L’affaire remonte au 8 novembre 2010. A l’époque, dans le territoire du Sahara occidental, 20 000 Sahraouis manifestent pacifiquement au lieu-dit Gdeim Izik, au sud de la ville de Laâyoune, afin de protester contre les discriminations dont ils s’estiment victimes de la part du gouvernement marocain et revendiquer leur droit à l’autodétermination. Le sujet est hautement sensible, comme le montrent les tensions actuelles à Guerguerat : le Sahara occidental, ancienne colonie espagnole reconnue comme territoire «non autonome» par l’ONU, est revendiqué et occupé par le Maroc sans que la population autochtone du territoire, les Sahraouis, ait eu l’occasion de se prononcer sur son devenir politique.

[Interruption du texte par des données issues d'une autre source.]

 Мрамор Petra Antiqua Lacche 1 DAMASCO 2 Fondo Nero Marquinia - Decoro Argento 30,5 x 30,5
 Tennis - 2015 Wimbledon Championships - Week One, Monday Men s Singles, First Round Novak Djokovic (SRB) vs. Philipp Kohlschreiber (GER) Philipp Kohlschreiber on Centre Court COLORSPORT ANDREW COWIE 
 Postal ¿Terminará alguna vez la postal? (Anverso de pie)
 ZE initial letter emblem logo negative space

Des aveux sous la contrainte

Le rassemblement de Gdeim Izik est un événement majeur, considéré par certains spécialistes comme l’annonce du printemps arabe. Le 8, les autorités marocaines décident d’évacuer le camp de force. Des affrontements meurtriers éclatent, au cours desquels 13 personnes, 11 agents des forces de sécurité marocaines et 2 Sahraouis, sont tuées. Parmi les centaines de manifestants arrêtés, 25 militants considérés comme les meneurs de la protestation sont accusés du meurtre des policiers et incarcérés. 23 d’entre eux auraient été soumis pendant leur garde à vue à divers actes de torture et de traitements inhumains et dégradants, dont des violences sexuelles, des menaces, des coups répétés, des privations d’eau et de nourriture, avant d’être forcés à signer des aveux sous la contrainte pour les crimes dont ils sont accusés. Le 16 février 2013, ils sont condamnés à de très lourdes peines par un tribunal militaire.

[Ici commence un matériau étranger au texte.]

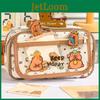 Capybara Theme Wide Mouth Pencil Bag With Durable Fabric Material And Spacious Interior For School And Travel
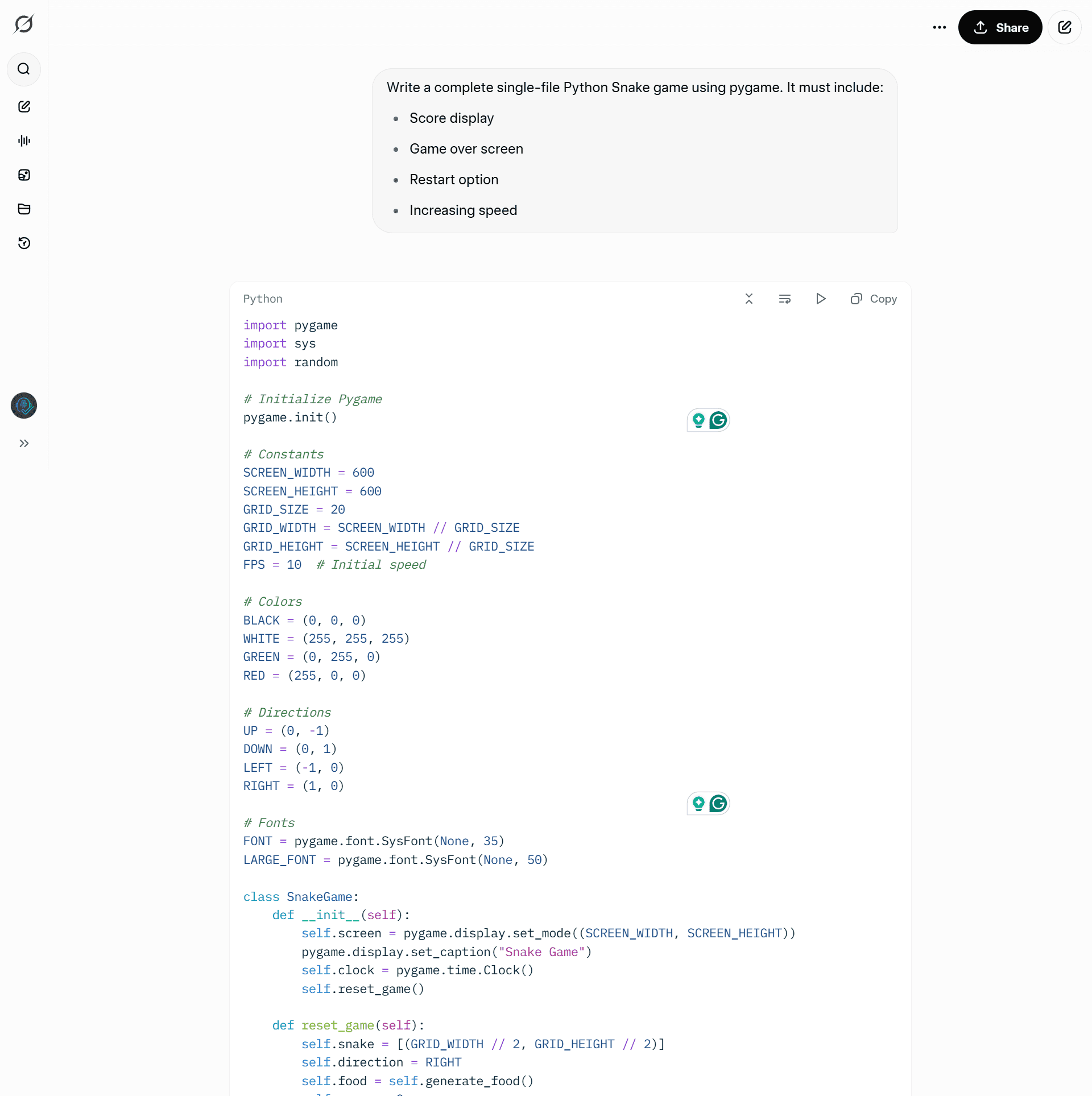 Grok_Test_12 Grok Python code for a Snake game showing a clean Object-Oriented structure with a dedicated Game Class.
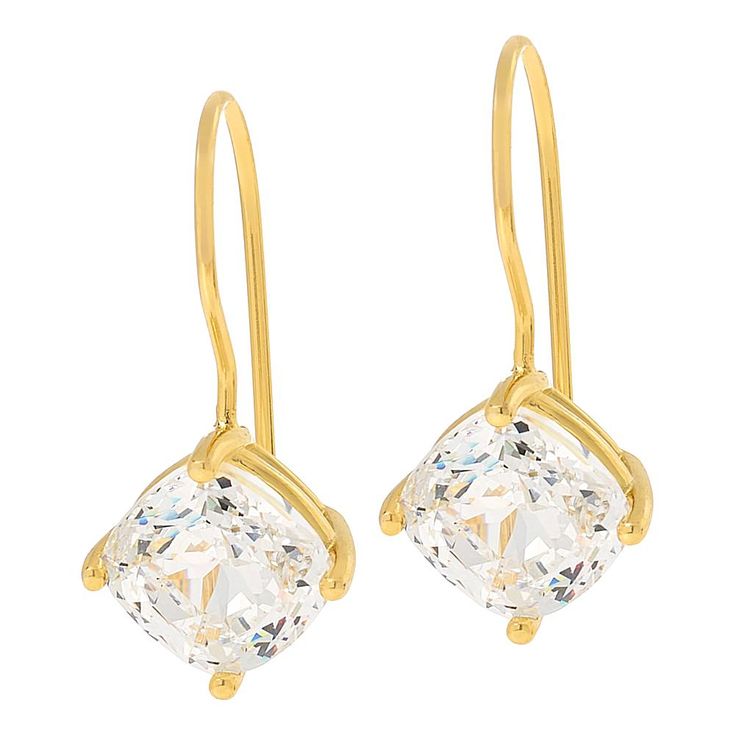 Radiance by Absolute™ 100-Facet Mixed Cut Drop Earrings Choose the right drop earring to suit your fancy from this mixed-cut set of 100-facet solitaires — round, cushion or heart-shaped.       Choice of:              Round earrings approx. 7/8"L x 7/16"W         Cushion earrings approx. 7/8"L x 7/16"W         Heart earrings approx. 13/16"L x 3/8"W               Stamped .925 sterling silver; rhodium plating or goldtone finish      Pierced with French wire backs with hooked closure   What You Get Gold Faceted Earrings For Evening, Elegant Gold Faceted Hoop Earrings, Classic Party Earrings With Lever Back, Faceted Drop Earrings For Evening, Classic Faceted Dangle Earrings, Classic Dangle Faceted Earrings, Classic Crystal Drop Earrings With Ear Wire, Classic Crystal Earrings With Lever Back, Elegant Faceted Hoop Earrings As Gift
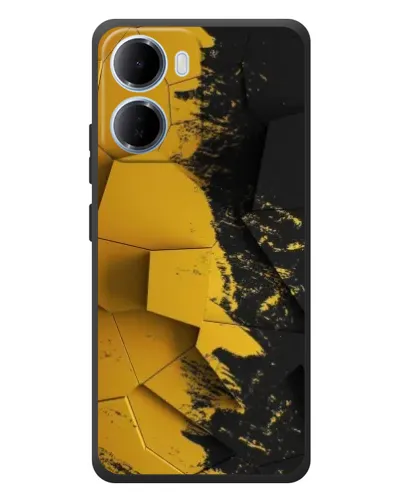 Чехол для Xiaomi Redmi 15a с картинкой «Золотые осколки геометрии»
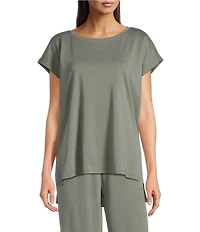 Eileen Fisher Organic Cotton Interlock Jewel Neck Sleep Top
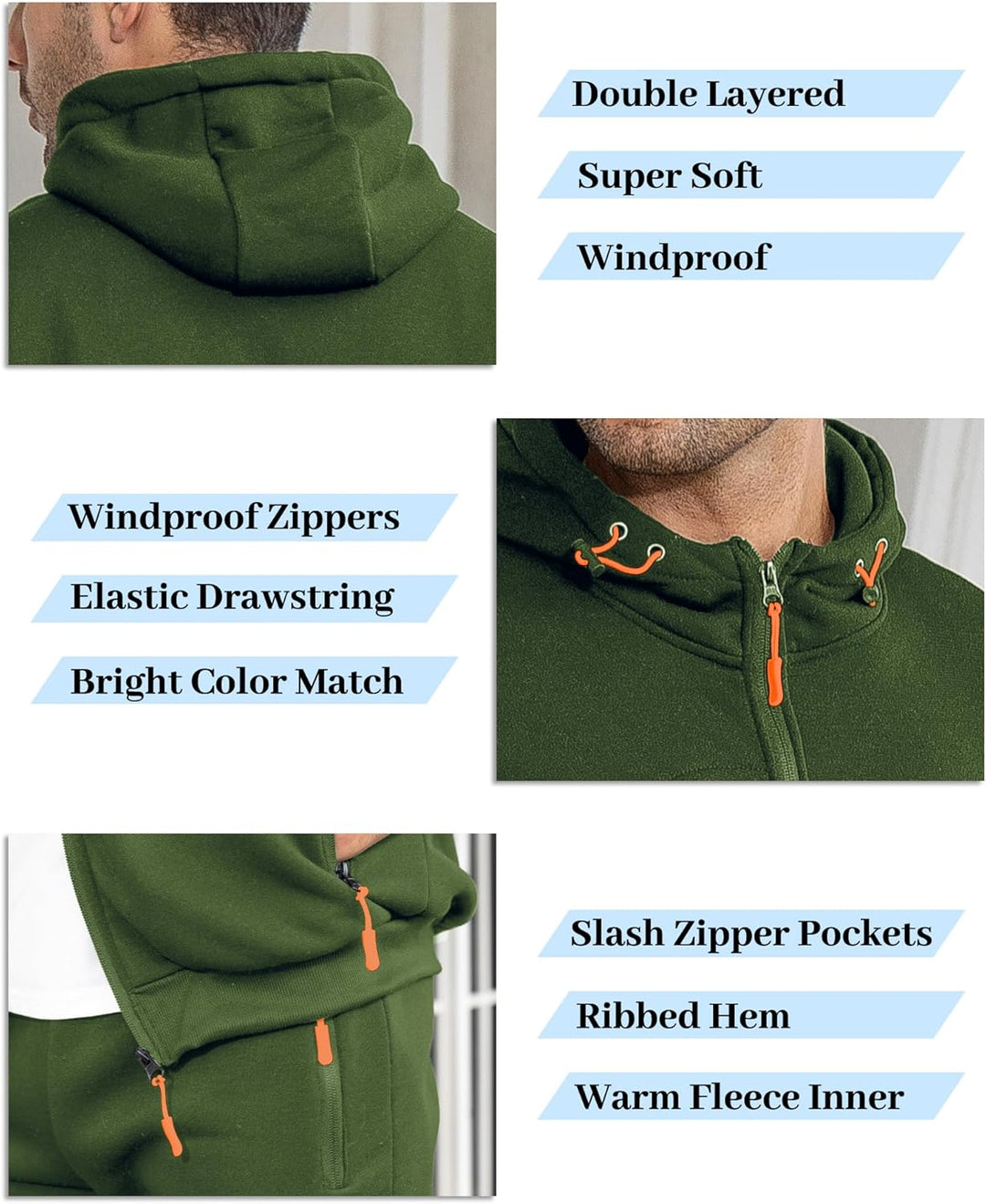 Green tracksuit details: double-layered hood, orange drawstring toggles, zip pockets and ribbed hem 17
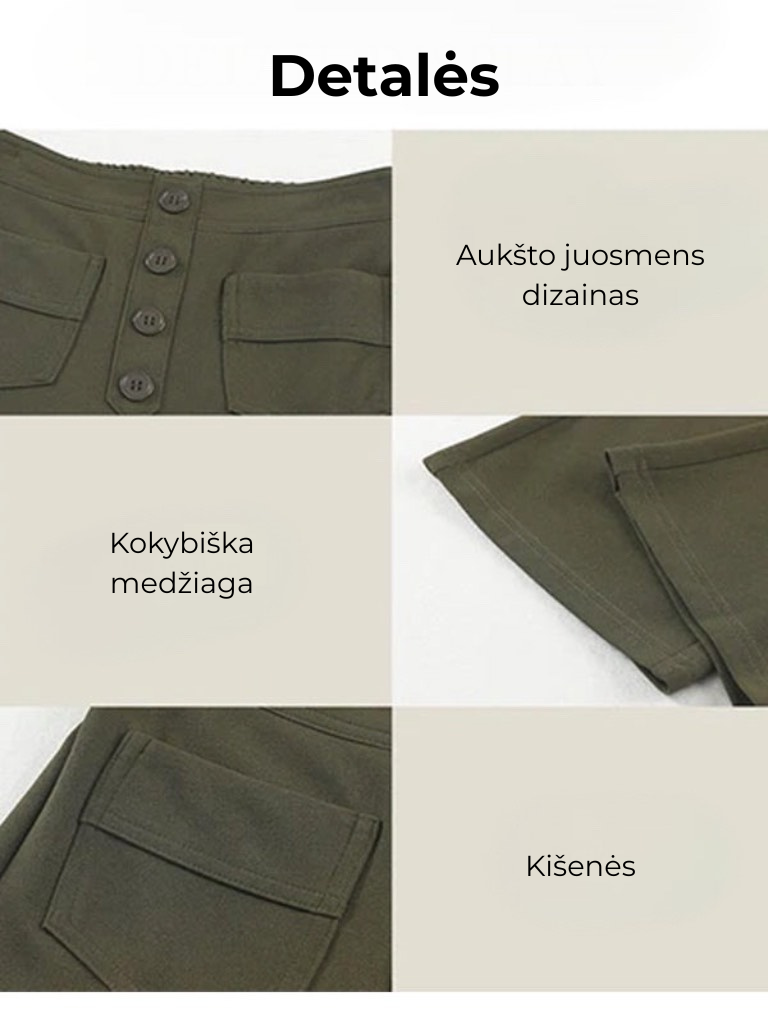 Vienspalvės laisvalaikio tiesios kelnės su aukštu juosmeniu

Ces condamnations sont prononcées sur la base des aveux obtenus sous la torture, à l’issue d’un procès marqué notamment par le refus d’entendre les témoins cités par la défense et d’enquêter sur les allégations de torture. Les noms des victimes que les accusés sont présumés avoir tuées n’ont même pas été mentionnés lors du procès. Une parodie de justice. Le Comité contre la torture des Nations unies (organe chargé de veiller à la bonne application de la Convention contre la torture, dont le Maroc est partie) est saisi. En 2016, il condamne le Maroc pour torture pendant l’arrestation, l’interrogatoire et la détention d’un des détenus, Naâma Asfari, ainsi que pour absence d’enquête sur les allégations de torture, prise en compte d’aveux signés sous la torture et mauvais traitements en détention – entre autres.

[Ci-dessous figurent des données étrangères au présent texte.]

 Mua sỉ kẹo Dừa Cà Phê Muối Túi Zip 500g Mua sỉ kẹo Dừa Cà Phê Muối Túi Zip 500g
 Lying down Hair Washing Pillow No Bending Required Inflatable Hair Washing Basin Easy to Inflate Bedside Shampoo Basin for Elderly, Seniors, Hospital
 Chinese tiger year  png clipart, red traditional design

Le coup est dur pour le royaume chérifien, engagé dans un lobbying intense pour convaincre ses partenaires internationaux de son engagement dans la défense des droits humains. Pourtant, l’année suivante, en juillet 2017, un nouveau jugement prononce de très lourdes peines, toujours sur la base d’aveux forcés. Les allégations de torture ne font toujours pas l’objet d’une enquête sérieuse par les juges ayant réexaminé l’affaire. Plusieurs rapporteurs des Nations unies réagissent aussitôt en soulignant notamment les manquements au droit à un procès équitable et le caractère arbitraire de cette détention. Les accusés et leurs avocats marocains, eux, se sont déjà retirés du procès depuis plusieurs mois, refusant de participer à ce qu’ils estiment être un simulacre de procès. Où en est-on aujourd’hui ? Les 19 du groupe de Gdeim Izik sont, depuis dix ans, en prison, arbitrairement. Eux comme leurs familles subissent régulièrement des représailles et mesures punitives en raison de leur détermination à obtenir justice : restrictions au droit de visite, mise en isolement, surveillance policière des proches…

Une nouvelle audience a eu lieu le 4 novembre, dont le verdict doit être rendu public le 25 novembre. La cour annulera-t-elle les jugements précédents pour ordonner un nouveau procès respectant enfin les droits des accusés ? Le Maroc entend-il diligenter des enquêtes indépendantes sur les allégations de tortures subies, démontrant qu’il respecte les droits humains et ses engagements internationaux ? La justice parviendra-t-elle à démontrer que seule l’application stricte du droit motive ses décisions ? Les jours qui viennent seront décisifs. Pour les 19 détenus qui attendent depuis dix ans au fond de geôles sordides un procès équitable, mais aussi pour l’image que le Maroc donnera au monde à un moment décisif de son histoire.

Bernadette Forhan, présidente de l’Action des chrétiens pour l’abolition de la torture (Acat-France).